St. John’s Wort (Hypericum perforatum)
Common names: St. John’s Wort, St. Joan’s Wort
Taxonomic name: Hypericum perforatum
Uses: nervous conditions, depression, nerve pain
Area of origin: Eurasia
Warnings: Take care if you are on psychiatric medicines, St. John’s Wort can interfere with some of these. See your doctor first. Can cause allergic reactions, gastro-intestinal problems and sensitivity to UV light.
St. John’s Wort has has a reputation for being able to lift moods for centuries, before we knew of mental illness.
In medieval times it was used to help strengthen the spirit, thus making the individual less prone to the effects of others, especially witches and demons.

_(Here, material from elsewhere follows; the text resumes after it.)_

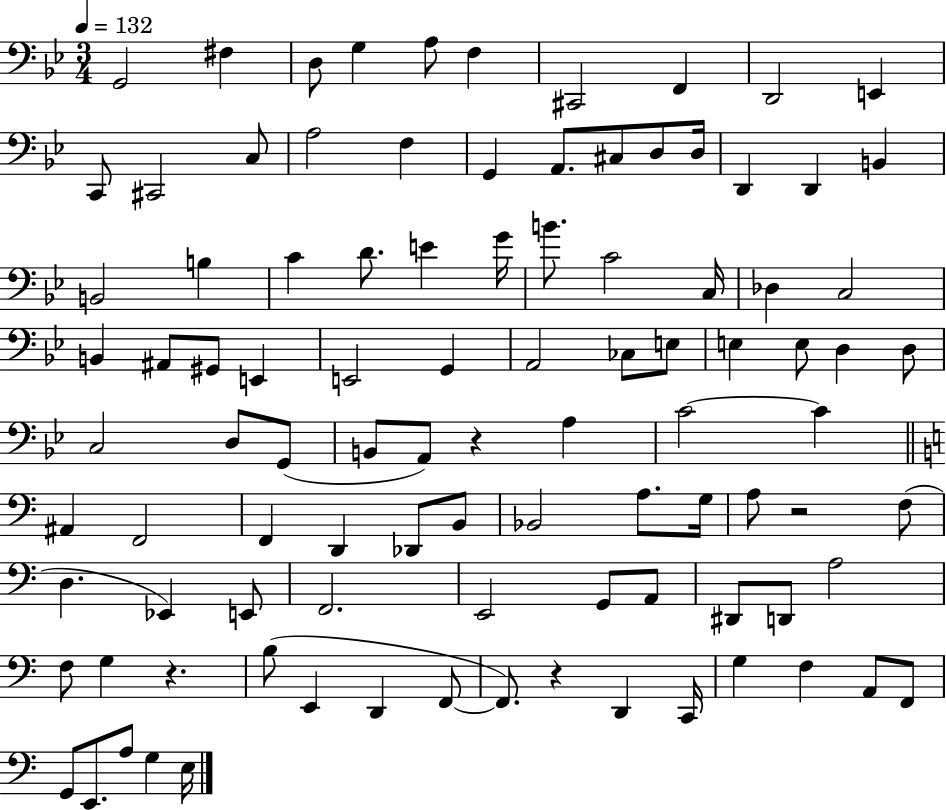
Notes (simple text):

G2/h F#3/q D3/e G3/q A3/e F3/q C#2/h F2/q D2/h E2/q C2/e C#2/h C3/e A3/h F3/q G2/q A2/e. C#3/e D3/e D3/s D2/q D2/q B2/q B2/h B3/q C4/q D4/e. E4/q G4/s B4/e. C4/h C3/s Db3/q C3/h B2/q A#2/e G#2/e E2/q E2/h G2/q A2/h CES3/e E3/e E3/q E3/e D3/q D3/e C3/h D3/e G2/e B2/e A2/e R/q A3/q C4/h C4/q A#2/q F2/h F2/q D2/q Db2/e B2/e Bb2/h A3/e. G3/s A3/e R/h F3/e D3/q. Eb2/q E2/e F2/h. E2/h G2/e A2/e D#2/e D2/e A3/h F3/e G3/q R/q. B3/e E2/q D2/q F2/e F2/e. R/q D2/q C2/s G3/q F3/q A2/e F2/e G2/e E2/e. A3/e G3/q E3/s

We know now about the role of chemicals in the body and material medicine has focused on a single component of Hypericum, hypericin that has a repeatable effect on aspects of our chemistry, lifting moods and raising spirits. More recent research points to hyperflorin as being an effective component.
A note here, if you plan to use Hypericum in any way while being treated for anxiety, depression or other associated maladies, check with your treating doctor, as it interferes with the action of some medications, specifically those in the group SSRI (selective serotonin reuptake inhibitors).
I believe external use as an oil or ointment for injuries is safe and won’t interfere with brain chemistry.
So, the mental and resulting physical picture we’re beginning to see is one of bring effective on many aspects of our nervous system. This is how Herbalists use it. Not a silver bullet for anxiety and depression, but a soother and tonic for the nervous system, helping mood and outlook by aiding damaged and ailing nerves.
It soothes overworking and overstimulated nerves, whether from physical or mental injury. Many cases of depression and the like come from a nervous system that has been overstimulated for too long.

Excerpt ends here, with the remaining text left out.